Tanner Lovelace wrote:
It is possible to do it with ldap, although it might be easier to just
keep everything in a database and instead of using pam_ldap
to do accounts, just use pam_mysql and don't worry about ldap at
all!  That would probably be the easiest thing to do.

pam_mysql addresses the auth side of things, but is there an NSS library
for doing MySQL lookups?

-- Kevin
Gah, don't go there. Stick with ldap, as the modules are stable and used a lot, thus likely to encounter quirky corner case bugs that may affect the ability of the entire machine to function. I'm not sure if there is an nsswitch library for mysql, but it would make at least me highly nervous with out some serious testing.

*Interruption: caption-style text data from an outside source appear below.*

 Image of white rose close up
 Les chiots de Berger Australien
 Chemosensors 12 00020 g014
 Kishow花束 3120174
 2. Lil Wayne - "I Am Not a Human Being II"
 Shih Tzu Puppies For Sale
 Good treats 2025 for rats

First, the traditional way to fight this problem is with a lock file. Don't allow more than one copy of the thing which performs the updates to run at once. Or more simply, make it a cron job which reads LDIFs* to add to LDAP from a directory only writable by an appropriate user (suexec on apache will help out here), and have the cron job automagically figure out the UID. Run it once a min even and you've got reasonably fast updates, no traditional lock files to worry about, and it solves the concurrency issues. This also separates your web app from being able to needing the permissions to directly modify ldap, thus being marginally more secure (it can still write to the directory, which is a potential problem).

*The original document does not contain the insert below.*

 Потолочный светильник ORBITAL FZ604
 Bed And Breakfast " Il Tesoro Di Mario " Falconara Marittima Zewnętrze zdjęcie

If you don't want to go the cron route for what ever reason, another way of thinking about it, temporary collisions in UID aren't the end of the world, so have your script simply perform the add, then enter a loop which checks back to see if there is now a collision. If there is, have it wait a random time interval at least twice as long as it will take to fix it**, and then check again, and if there is still a collision, increment the UID.

In short, there are a thousand ways to fix this problem with LDAP, none of which require all that much scripting, and none of which is entirely perfect. Another idea that someone might suggest, which is also fraught with problems, would be to backend LDAP with MySQL. Then you can setup the schema, and add a unique index to the username column as well as the dn (uid) column, and you've avoided collisions. The problem I mentioned is that now you've added another potential 100% point of failure to your system 100% of the time, to work around a potential problem for a very fractional portion of the userbase in what for your setup will be extremely rare circumstances.

Aaron S. Joyner

* - You could use some custom config file that isn't quite so capable, if you'd prefer to be slightly more secure at the expense of more work. ** - This idea attempts to avoid both scripts continuously trying to "fix" it by incrementing the UID of the user they're working on, and colliding with each other. This situation wouldn't likely last very long, unless the update takes significantly longer than the check code, but it's worth protecting against. Something in the range of 1 seconds plus 3 to 5 seconds of random is probably plenty long. These values would need tuning for this to really scale into hundreds of user adds per minute, and probably in the best case breaks down there. You'd need to fall back to something like the cron'd adds I mentioned before to scale much beyond somewhere between 1 and 10 adds per second.